44
Chaff from the winnowing fan
cancels the eye’s natural vision;
the whine of a mosquito
can keep you awake all night;
trying to be benevolent
makes the mind a tangle of confusion.
If you want the world to stay simple,
you must move with the freedom of the wind.
Why keep making the effort
to figure out right and wrong?
Why all this huffing and puffing
as though you were beating a drum,
searching for a lost child?
The snow goose doesn’t need
a daily bath to stay white,
nor does the crow stay black
by dipping itself in an inkwell.
When the springs dry up
and the fish are left on the shore,
they spew one another with moisture.
But how much better if they could
forget one another and swim off
into the lake’s vast freedom!
The effort to be moral or benevolent is a disruption of our natural virtue.
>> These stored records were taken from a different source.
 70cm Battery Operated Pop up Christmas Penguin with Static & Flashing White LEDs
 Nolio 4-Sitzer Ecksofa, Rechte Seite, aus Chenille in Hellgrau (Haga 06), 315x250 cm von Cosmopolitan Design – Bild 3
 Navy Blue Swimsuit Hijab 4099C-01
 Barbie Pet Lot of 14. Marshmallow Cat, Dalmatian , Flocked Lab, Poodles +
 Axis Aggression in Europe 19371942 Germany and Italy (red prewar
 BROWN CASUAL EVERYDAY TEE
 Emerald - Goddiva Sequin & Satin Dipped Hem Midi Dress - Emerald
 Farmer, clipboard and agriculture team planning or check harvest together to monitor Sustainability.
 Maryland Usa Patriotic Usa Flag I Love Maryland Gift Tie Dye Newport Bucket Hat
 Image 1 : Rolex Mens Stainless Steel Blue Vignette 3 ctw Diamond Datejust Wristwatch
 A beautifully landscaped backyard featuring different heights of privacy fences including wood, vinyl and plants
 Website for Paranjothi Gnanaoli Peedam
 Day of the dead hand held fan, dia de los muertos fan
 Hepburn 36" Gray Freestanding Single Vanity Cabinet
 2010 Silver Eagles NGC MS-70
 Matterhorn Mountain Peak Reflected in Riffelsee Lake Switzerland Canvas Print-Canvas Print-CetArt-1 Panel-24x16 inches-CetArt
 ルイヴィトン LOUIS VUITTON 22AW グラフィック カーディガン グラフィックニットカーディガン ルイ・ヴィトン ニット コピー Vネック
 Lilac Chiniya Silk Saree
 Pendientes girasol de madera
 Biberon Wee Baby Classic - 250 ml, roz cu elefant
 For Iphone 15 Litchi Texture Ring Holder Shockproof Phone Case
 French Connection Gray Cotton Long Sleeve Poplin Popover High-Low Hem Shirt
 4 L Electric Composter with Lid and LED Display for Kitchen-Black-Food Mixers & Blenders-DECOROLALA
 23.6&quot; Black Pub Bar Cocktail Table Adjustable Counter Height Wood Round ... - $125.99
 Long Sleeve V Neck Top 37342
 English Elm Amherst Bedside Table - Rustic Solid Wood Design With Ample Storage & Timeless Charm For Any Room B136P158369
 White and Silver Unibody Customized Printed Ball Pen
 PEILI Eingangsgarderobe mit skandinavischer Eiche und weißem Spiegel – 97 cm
What child would rather pray than play? “Throw away morality,” Lao-tzu says, “and you’ll be doing the world a big favor.” Trying to figure out the right action does no one any good. It’s better to keep moving, till the right action arises by itself.
When it’s genuine, benevolence is the most beautiful quality in the world. But when it has a motive, it feels like fish spittle, not like clear water. We recognize the genuine. It’s what we all want. It’s what we all are, when we see past our own thoughts. Let the others comfort one another with slime: that’s the best they can do under the circumstances. But the instant any fish finds its way back to the lake, it will swim off without a qualm. “Thanks for the benevolence, muchachos, but I’m out of here.”